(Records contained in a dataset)
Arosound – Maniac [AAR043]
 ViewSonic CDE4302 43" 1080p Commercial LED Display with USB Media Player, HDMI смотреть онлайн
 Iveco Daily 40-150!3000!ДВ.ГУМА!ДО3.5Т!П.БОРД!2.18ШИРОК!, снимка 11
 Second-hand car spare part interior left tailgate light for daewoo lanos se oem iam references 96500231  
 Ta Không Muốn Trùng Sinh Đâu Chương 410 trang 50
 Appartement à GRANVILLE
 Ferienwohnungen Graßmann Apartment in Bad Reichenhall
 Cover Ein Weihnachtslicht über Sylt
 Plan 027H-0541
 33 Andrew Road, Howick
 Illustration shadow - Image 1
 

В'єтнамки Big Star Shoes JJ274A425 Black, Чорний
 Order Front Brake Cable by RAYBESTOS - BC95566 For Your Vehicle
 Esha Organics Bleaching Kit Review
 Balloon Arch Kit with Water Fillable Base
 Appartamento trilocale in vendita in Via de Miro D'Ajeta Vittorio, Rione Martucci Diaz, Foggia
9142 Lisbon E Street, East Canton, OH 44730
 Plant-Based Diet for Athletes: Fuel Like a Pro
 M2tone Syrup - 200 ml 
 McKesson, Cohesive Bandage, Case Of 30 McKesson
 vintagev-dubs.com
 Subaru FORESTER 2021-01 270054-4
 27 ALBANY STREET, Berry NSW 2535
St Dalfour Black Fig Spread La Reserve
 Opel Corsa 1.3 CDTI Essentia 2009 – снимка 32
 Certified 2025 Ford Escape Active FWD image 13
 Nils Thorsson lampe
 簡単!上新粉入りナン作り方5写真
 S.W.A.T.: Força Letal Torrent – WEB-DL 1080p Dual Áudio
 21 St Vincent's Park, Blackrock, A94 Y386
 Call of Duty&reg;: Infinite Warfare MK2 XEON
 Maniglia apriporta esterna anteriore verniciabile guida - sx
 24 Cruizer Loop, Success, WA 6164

WHAT YOU NEED TO DO:
Only the lines from the one containing "Esha Organics Bleaching Kit Review" through the last line of the entries above should be copied, exactly as written.

SOLUTION BELOW:
 Esha Organics Bleaching Kit Review
 Balloon Arch Kit with Water Fillable Base
 Appartamento trilocale in vendita in Via de Miro D'Ajeta Vittorio, Rione Martucci Diaz, Foggia
9142 Lisbon E Street, East Canton, OH 44730
 Plant-Based Diet for Athletes: Fuel Like a Pro
 M2tone Syrup - 200 ml 
 McKesson, Cohesive Bandage, Case Of 30 McKesson
 vintagev-dubs.com
 Subaru FORESTER 2021-01 270054-4
 27 ALBANY STREET, Berry NSW 2535
St Dalfour Black Fig Spread La Reserve
 Opel Corsa 1.3 CDTI Essentia 2009 – снимка 32
 Certified 2025 Ford Escape Active FWD image 13
 Nils Thorsson lampe
 簡単!上新粉入りナン作り方5写真
 S.W.A.T.: Força Letal Torrent – WEB-DL 1080p Dual Áudio
 21 St Vincent's Park, Blackrock, A94 Y386
 Call of Duty&reg;: Infinite Warfare MK2 XEON
 Maniglia apriporta esterna anteriore verniciabile guida - sx
 24 Cruizer Loop, Success, WA 6164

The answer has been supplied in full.